A veteran of Johnson & Johnson, Bell Labs, and a number of Fortune 50 and 500 companies, Bastante has worked on large solutions and critical business applications for a variety of businesses. But for him, the best part of his job is exploring the vast and ever-changing technology landscape and finding solutions that best serve the organization’s customers and mission.
Bastante’s deep understanding of technology has already born significant fruit at Blue Cross NC. In the past five years, he has already led in the creation of a modern hybrid cloud platform and new data centers colocated with top cloud vendors. His team recently won an NC Tech Award for the company’s usage of artificial intelligence and machine learning.

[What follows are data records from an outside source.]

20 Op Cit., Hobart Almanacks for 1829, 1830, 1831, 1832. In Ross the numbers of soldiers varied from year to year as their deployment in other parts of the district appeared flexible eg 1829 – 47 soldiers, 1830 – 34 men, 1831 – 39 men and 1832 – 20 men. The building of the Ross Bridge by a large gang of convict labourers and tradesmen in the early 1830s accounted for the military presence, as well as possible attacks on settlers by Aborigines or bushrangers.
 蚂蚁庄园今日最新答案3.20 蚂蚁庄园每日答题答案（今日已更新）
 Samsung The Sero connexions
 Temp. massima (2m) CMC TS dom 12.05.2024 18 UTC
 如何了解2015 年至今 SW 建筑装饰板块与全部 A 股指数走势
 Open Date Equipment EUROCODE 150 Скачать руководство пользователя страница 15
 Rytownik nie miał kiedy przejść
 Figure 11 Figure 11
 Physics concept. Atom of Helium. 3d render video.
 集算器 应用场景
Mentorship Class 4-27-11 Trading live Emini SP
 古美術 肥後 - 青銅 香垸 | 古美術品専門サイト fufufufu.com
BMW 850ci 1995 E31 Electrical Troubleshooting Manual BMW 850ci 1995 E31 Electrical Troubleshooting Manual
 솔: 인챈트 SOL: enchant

As a highly innovative leader, Bastante has teamed with partners like Accenture in bringing a passion for change via the successful use of technology, data, and automation. This has helped achieve Blue Cross NC’s goals for affordability, quality and access, exceptional experience, and data-driven insights.
When it comes to transforming organizations through technology, Bastante deems three areas integral to focus on when driving the success of a business: people leadership, building relationships, and executing technology implementation with thoughtfulness and careful direction.
People Leadership
“Many companies have vast and enduring cultures and histories,” says Bastante. Years of working and operating in the same way can leave companies on autopilot. Therefore, transforming healthcare requires leadership that is unafraid of human change.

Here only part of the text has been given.